Figure 1A summarizes the survival curves of patients with scores of 0, 1, 2, and 3. There were significant differences among all groups except for the score 0 and 1 groups (score 0 group vs score 1 group, P = 0.537; score 0 group vs score 2 group, P = 0.049; score 0 group vs score 3 group, P < 0.001; score 1 group vs score 2 group, P = 0.003; score 1 group vs score 3 group, P < 0.001; score 2 group vs score 3 group, P = 0.008). For all patients, 5-year survival rates of the adjuvant chemotherapy and postoperative observation groups were 96% and 90%, respectively (P = 0.676, Table 4). Five-year survival rates of the score 0, 1, 2, and 3 groups were 92%, 95%, 80%, and 50%, respectively (P < 0.001, Table 4). In the score 0 and score 1 groups, there were no differences in the 5-year survival rates between the postoperative observation and adjuvant chemotherapy groups. In the score 2-3 group, 5-year survival rates for patients in the adjuvant chemotherapy group and postoperative observation group were 95% and 61%, respectively (P = 0.021, Table 4).

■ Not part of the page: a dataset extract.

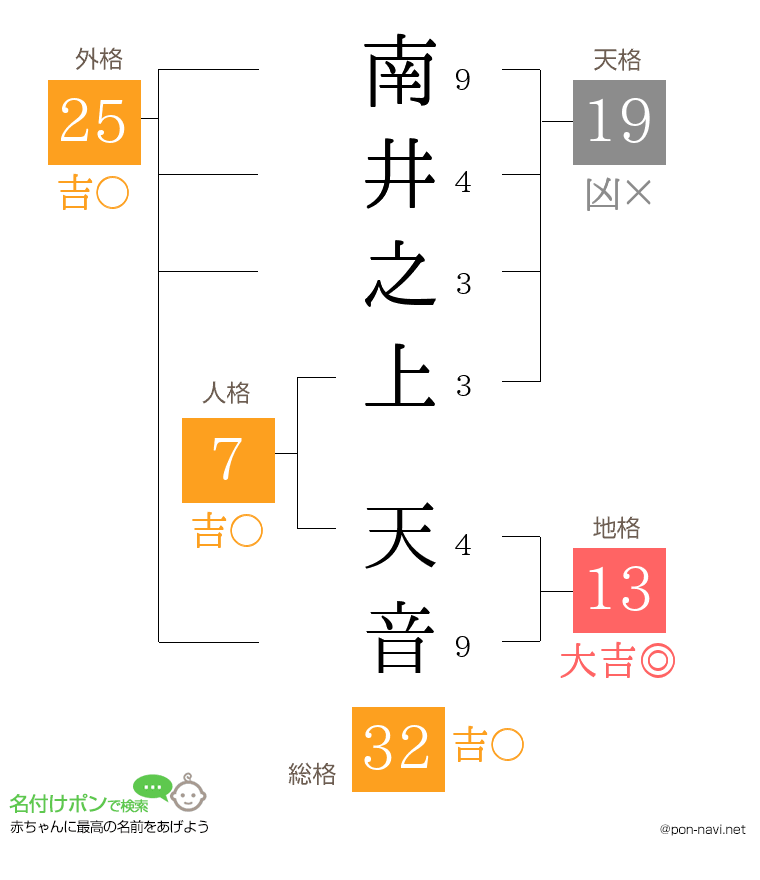 南井之上 天音さんの姓名判断結果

| Group | n | 5-year survival rate | Log rank test | |
| All patients | P = 0.676 | |||
| Adjuvant chemotherapy | 63 | 96% | ||
| Postoperative observation | 262 | 90% | ||
| Risk score | P < 0.001 | |||
| Score 0 group | 98 | 92% | ||
| Score 1 group | 152 | 95% | ||
| Score 2 group | 69 | 80% | ||
| Score 3 group | 6 | 50% | ||
| Score 0 group | P = 0.825 | |||
| Adjuvant chemotherapy | 13 | 92% | ||
| Postoperative observation | 85 | 92% | ||
| Score 1 group | P = 0.308 | |||
| Adjuvant chemotherapy | 22 | 92% | ||
| Postoperative observation | 130 | 96% | ||
| Score 2-3 group | P = 0.021 | |||
| Adjuvant chemotherapy | 28 | 95% | ||
| Postoperative observation | 47 | 61% |
Figure 1B-D summarizes the survival curves of patients with scores of 0, 1, and score 2-3 T2N0M0 gastric cancer in the adjuvant chemotherapy and postoperative observation groups. Table 5 summarizes the distribution of the different risk factors in each risk score group.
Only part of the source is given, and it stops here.